Quels sont les enjeux portés par le « Carrefour des innovations sociales », un projet initié par le CGET et la Fonda et sélectionné dans le cadre du Programme d’investissement d’avenir (PIA) ?

Élise Lalique : Le moteur de recherche et la cartographie du « Carrefour des innovations sociales » permettent, pour la première fois, de trier et de localiser facilement les innovations sociales aujourd’hui dispersées sur plein de sites web. Plus les projets partagés sur la plateforme seront nombreux, mieux elle fonctionnera. Aujourd’hui, à partir de 12 sites référencés, nous avons déjà remonté 5 000 projets accessibles sur la version bêta ! Ça ouvre de belles perspectives.
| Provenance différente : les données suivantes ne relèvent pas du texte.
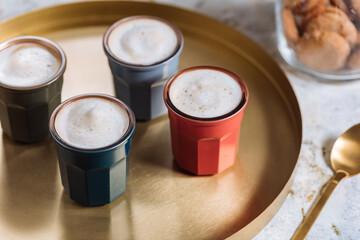 Macchiato in four different cups on a golden tray with golden spoon and cookies in jar 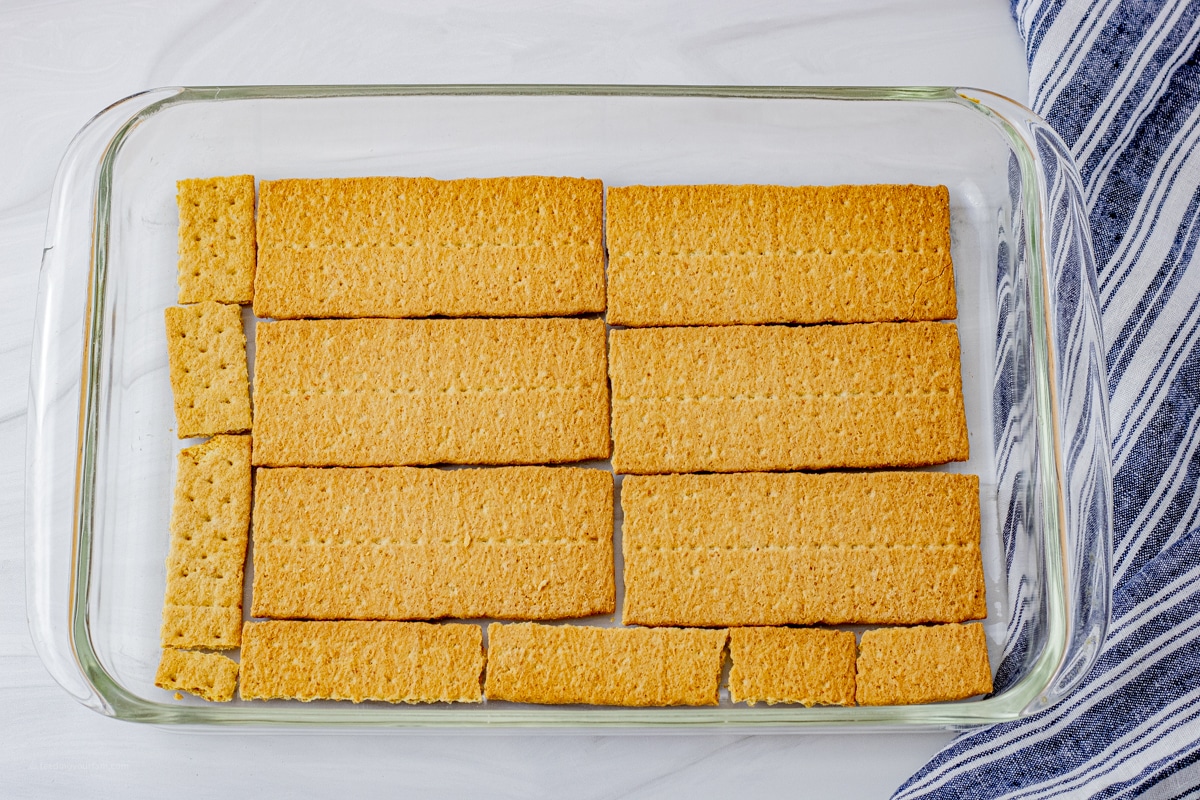 glass baking dish with a layer of graham crackers on the bottom of the pan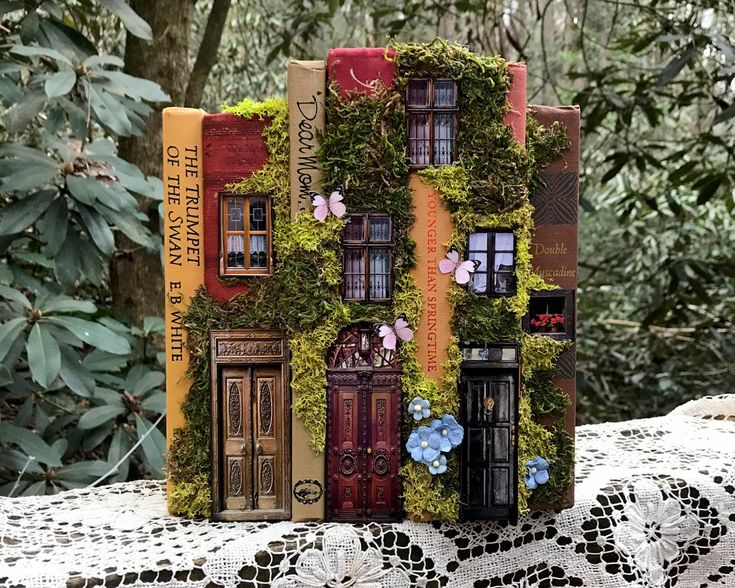 there is a miniature house made out of books with flowers on the front and sides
On cherche donc de nouveaux partenaires pour partager leurs projets et enrichir la plateforme.

Julien Paris : En croisant à l’échelle nationale tout ce qui est proposé à l’échelle locale ou sur un secteur donné, la plateforme va donner de l’importance aux innovations sociales et du poids à leurs acteurs, trop peu visibles. Notre souhait, c’est que nos utilisateurs se servent du site comme d’un outil facilitant leur métier : benchmark, mise en lien de porteurs de projets, aide à la décision publique, positionnement des acteurs privés sur le territoire…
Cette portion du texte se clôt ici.